BEGIN Exercise material
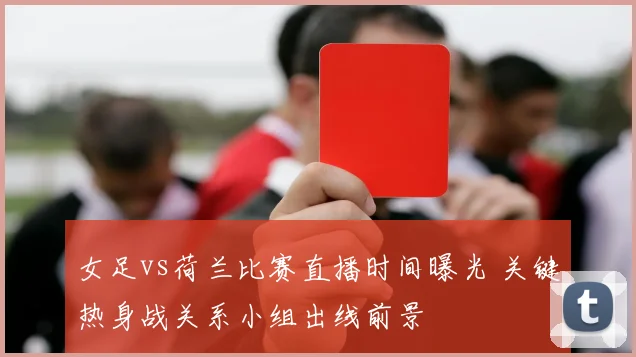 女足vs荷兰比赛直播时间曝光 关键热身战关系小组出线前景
END Exercise material
BEGIN Exercise material
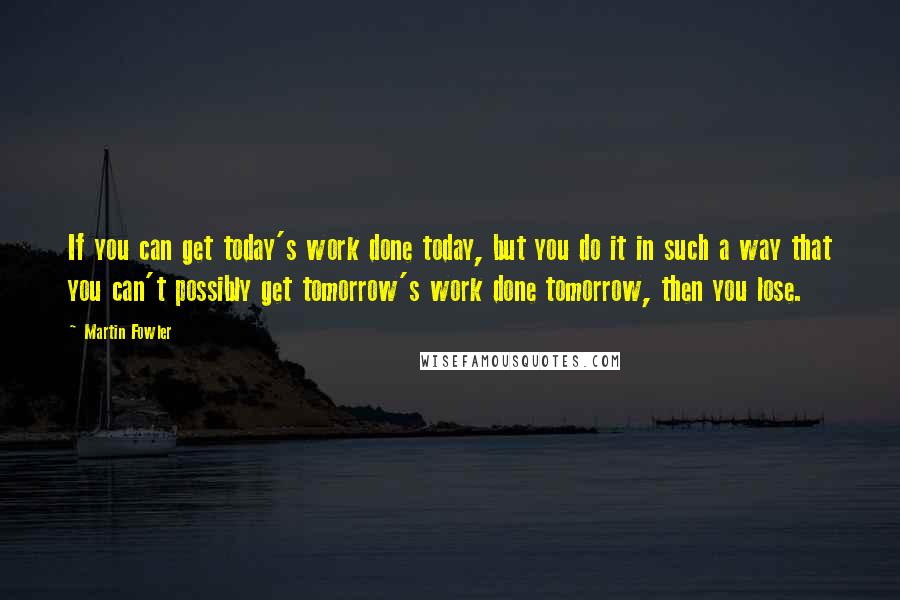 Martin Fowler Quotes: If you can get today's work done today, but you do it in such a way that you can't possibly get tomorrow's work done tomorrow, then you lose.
END Exercise material
BEGIN Exercise material
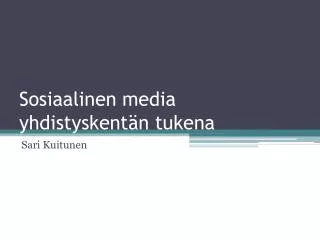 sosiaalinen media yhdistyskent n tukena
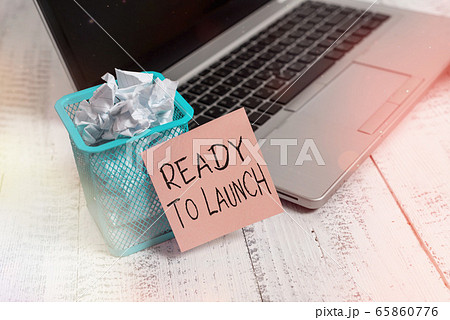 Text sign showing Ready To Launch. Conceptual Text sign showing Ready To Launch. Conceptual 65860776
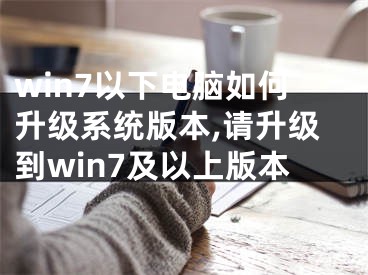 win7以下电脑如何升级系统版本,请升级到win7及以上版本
END Exercise material
Within the listing above, extract exactly the lines that run from the one containing "Text sign showing Ready To Launch. Conceptual Text" through the one containing "win7以下电脑如何升级系统版本,请升级到win7及以上版本", excluding any pictures.

Solution to the exercise
 Text sign showing Ready To Launch. Conceptual Text sign showing Ready To Launch. Conceptual 65860776
 win7以下电脑如何升级系统版本,请升级到win7及以上版本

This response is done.